Tipperary farmers on designated land, including Hen Harrier areas, are being treated with contempt by the Government and State agencies, according to Pat Rohan, chair of ICMSA’s Farm and Rural Affairs Committee.

He accused them of shifting responsibility from one Department to the other with land effectively sterilised and useless and the farmers losing money on a daily basis as a consequence.

Mr Rohan made his comments following a meeting of the Designated Areas Monitoring Committee.

He said that the Government and its agencies seemed to have settled on a policy that involved designating land while ignoring the rights of the individual landowner and then failing to properly compensate landowners for the losses.

They must either address landowners’ concerns equitably and fairly or they must lift the designation, said Mr Rohan.

He said that that the relevant Government Ministers must address this issue as a matter of urgency on grounds of simple fairness and justice.

He described the outcome of the meeting as “disappointing”.

Meanwhile, IFA SAC Project chairman Padraic Joyce accused the National Parks and Wildlife Service (NPWS) of reneging on previous commitments on designated SAC and SPA areas by refusing to put in place a proper compensation scheme for farmers with designated land and failing to take into account the devaluation of land as a result of designation.

Speaking after the same meeting, he pointed specifically to the Hen Harrier areas where land has been sterilised and is been devalued without a proper compensation scheme. Forestry as an option for farmers with this land has been closed off for the past six years and promises made under the Threat Response plan have not been delivered upon. The locally led scheme Hen Harrier scheme appears to have hit the rocks and promises made by the Government for a meaningful scheme have not been delivered on.
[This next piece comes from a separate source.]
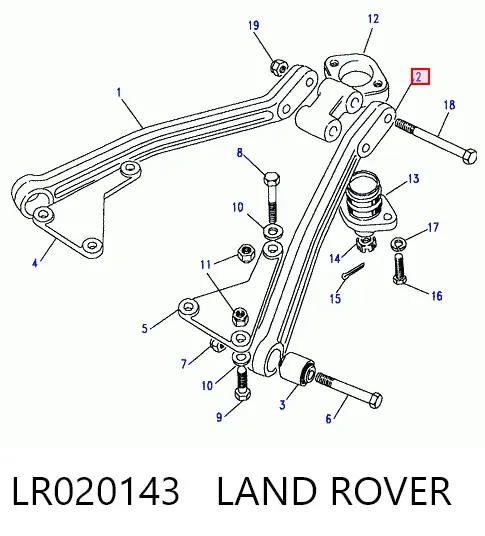 Верхний левый рычаг задней подвески LR020143 Land Rover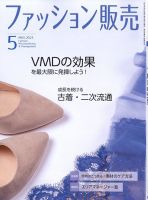 ファッション販売 23年5月号 表紙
IFA also raised concerns in relation to the Shannon Callows, commonages and other designations where restrictions are imposed. In relation to fencing of land in designated areas, IFA raised the extra cost imposed on farmers where planning and EIA assessment add to the burden on the low income sector of farming.

In relation to flood alleviation works on designated rivers, a commitment was given that the NPWS would not object to work being carried where the public good is at stake.

Mr Joyce said Heritage Minister, Heather Humphreys must engage on the problems of designated land and show support to landowners whose income and property values are effected by designations.

ICSA rural development chairman Seamus Sherlock said it is high time that Minister Humphreys faces up to the issues around compensation for designation.

"farmers in designated areas are being taken for fools when they are lectured to about how GLAS is for them when in fact the payment ceilings for GLAS result in designated farmers getting very limited net compensation from their designation," he said.

Mr Sherlock called on Minister Humphreys to go the Cabinet to seek an allocation of funding for a new NPWS scheme in line with previous schemes that were in place before 2010.